Hoare tried to ape Denard with a similar attack in the Seychelles, in the Indian Ocean, in 1981. He used a commercial plane and a team of South African mercenaries disguised as beer-swilling tourists – the Ancient Order of Froth Blowers. Hoare hoped to reinstall an old president, but he barely left the airport. His hired guns, after too much beer on the plane, started a battle at the arrivals hall. They managed to kill one of their own, endured several hours of fighting around the airport, then hijacked an Air India plane back to South Africa. There were worse examples of bad mercenary behaviour, especially in Angola where trigger-happy – and perhaps deranged – soldiers of fortune ran amok. An odd assortment fought for both sides of Nigeria's civil war. The hired guns generally got a reputation for daring and adventure, if not for effectiveness.

Such was the tradition of the dogs of war in Africa when Mann and Buckingham volunteered to arrange for men to fight in Angola. Mann, however, was a little different. He was as likely to wear a crumpled business suit and rimless spectacles as camouflage or chest webbing. He was an early example of a new sort of mercenary, the type as familiar with company law, bank transfers and investor agreements as with the workings of a Browning pistol. Mann and Buckingham came to represent a new era of corporate fighters, the professional soldier-of-fortune that is prevalent today.

It started with the smallish battle at the oil installations in Soyo, Angola, in February 1993 against Unita. At this time Unita – formerly an ally of the American and South African governments – was isolated while Angola's government had close ties with the west, largely because of its oil. The government agreed to let white South African and British mercenaries, under Mann and Buckingham, lead the fight to retake
Soyo. Officers and footsoldiers were recruited from the ready supply of South African apartheid operatives, both white and black. A small private security firm with the bland name Executive Outcomes, founded in 1989 and with close links to semi-official ‘counter terrorism' hit squads in South Africa, provided the corporate structure.

Many who worked for Executive Outcomes were veterans of a South African army unit, 32 Battalion, that had previously fought in Angola (ironically, alongside those same Unita rebels they would now attack). These included Portuguese-speaking Angolans with a reputation for brutally effective warfare techniques. 32 Battalion had been known – as were many mercenary armies in Africa – as ‘the terrible ones'. The South African army unit had fought using guerrilla and conventional tactics for more than a decade. Others in Executive Outcomes were drawn from domestic apartheid units: clandestine bodies of police and soldiers who were used to repress black democracy movements. Some were trained in the Koevoet, a terrifying counter-insurgency unit in South African-run Namibia. Others were parachutists, military intelligence, special forces officers and policemen.
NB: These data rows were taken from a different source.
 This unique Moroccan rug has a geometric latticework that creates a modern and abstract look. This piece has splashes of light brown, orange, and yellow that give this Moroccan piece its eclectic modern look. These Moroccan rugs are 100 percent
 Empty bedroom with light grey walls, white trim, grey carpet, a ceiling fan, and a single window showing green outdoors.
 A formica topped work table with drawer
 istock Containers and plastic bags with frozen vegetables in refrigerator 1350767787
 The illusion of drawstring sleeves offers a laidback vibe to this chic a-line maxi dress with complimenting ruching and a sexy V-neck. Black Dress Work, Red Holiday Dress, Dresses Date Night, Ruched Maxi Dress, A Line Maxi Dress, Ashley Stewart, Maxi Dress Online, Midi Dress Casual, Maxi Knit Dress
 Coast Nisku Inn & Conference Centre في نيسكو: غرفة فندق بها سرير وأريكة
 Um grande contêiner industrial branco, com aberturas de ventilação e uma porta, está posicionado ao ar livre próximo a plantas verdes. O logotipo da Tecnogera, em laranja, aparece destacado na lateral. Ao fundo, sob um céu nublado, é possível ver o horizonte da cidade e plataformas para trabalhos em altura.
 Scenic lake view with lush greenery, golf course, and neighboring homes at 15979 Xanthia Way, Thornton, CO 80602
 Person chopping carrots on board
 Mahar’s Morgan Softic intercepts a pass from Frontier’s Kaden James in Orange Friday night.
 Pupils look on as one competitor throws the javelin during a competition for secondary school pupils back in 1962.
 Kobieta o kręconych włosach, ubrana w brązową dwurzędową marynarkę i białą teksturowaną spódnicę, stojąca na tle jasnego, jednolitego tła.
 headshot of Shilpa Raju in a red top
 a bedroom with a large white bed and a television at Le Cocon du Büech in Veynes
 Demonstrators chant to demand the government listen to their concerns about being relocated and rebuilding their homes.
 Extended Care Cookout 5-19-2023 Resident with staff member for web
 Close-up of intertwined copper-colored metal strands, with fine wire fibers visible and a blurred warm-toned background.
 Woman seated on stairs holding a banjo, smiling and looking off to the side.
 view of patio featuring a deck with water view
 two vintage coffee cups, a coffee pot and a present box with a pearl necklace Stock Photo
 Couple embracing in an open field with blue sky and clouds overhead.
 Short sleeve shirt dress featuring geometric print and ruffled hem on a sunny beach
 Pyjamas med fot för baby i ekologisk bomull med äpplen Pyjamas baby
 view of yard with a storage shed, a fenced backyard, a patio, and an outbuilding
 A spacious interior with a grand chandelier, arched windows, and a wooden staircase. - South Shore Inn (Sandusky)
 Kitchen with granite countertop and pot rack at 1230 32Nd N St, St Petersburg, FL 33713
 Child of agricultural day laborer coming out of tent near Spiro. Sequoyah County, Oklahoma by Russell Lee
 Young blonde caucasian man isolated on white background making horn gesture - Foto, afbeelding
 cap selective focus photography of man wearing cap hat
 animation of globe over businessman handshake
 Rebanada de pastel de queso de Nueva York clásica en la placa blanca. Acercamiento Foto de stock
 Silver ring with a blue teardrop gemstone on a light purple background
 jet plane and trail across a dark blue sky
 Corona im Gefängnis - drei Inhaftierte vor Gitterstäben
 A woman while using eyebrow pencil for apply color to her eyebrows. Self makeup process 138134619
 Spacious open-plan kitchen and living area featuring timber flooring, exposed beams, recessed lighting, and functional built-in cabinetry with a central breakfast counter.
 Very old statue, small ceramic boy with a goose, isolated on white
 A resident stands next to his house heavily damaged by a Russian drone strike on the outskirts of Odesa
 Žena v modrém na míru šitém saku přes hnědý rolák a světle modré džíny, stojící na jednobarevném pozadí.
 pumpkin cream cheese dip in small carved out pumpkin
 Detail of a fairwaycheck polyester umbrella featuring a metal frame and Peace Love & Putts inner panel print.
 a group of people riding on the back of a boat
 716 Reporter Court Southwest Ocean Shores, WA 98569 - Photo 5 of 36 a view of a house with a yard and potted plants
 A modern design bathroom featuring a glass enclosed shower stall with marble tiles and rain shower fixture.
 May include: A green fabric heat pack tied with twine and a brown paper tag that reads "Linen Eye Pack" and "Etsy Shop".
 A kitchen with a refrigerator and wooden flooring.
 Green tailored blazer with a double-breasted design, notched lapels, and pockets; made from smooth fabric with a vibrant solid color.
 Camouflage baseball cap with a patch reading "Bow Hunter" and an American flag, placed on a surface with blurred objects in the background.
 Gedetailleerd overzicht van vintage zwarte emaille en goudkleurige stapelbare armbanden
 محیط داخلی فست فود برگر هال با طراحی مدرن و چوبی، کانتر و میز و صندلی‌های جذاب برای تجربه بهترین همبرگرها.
From the start Executive Outcomes proved more serious than gentleman amateurs like Hoare and Denard. Most of the recruits at the attack on Soyo were skilled and experienced, though a few did turn tail at the first sign of gunfire. A smaller core of hardened soldiers, barely twenty-five men, led an assault that was backed by the Angolan air force and army. Many of the mercenaries had fought together before, in South African uniform, and some knew the enemy extremely well: they had once helped train and equip the Unita rebels.

The mercenaries favoured a limited selection of weapons – AK-47 assault rifles, PKM machine guns, a 60mm mortar – that
are light and easy to carry, and so are handy for attack. They were flown to their target by Angolan military helicopters, along the Atlantic coast, landing in thick elephant grass a few miles from Soyo shortly after heavy rains had fallen. From there on the mercenaries charged forward, overwhelming startled Unita soldiers, killing two men in a jeep, securing a beachhead a short distance from the Unita-run town, then withstanding a counterattack. With support from the Angolan air force and army, the mercenaries attacked from a direction the rebels little expected and retook the oil town in a couple of days. One South African, a veteran of 32 Battalion, was killed by a grenade when he leapt on to a tank in mid-battle; two more were killed in a fierce exchange of gunfire with the rebels. But Unita withdrew and the mercenaries – and Executive Outcomes – won a reputation for hard fighting.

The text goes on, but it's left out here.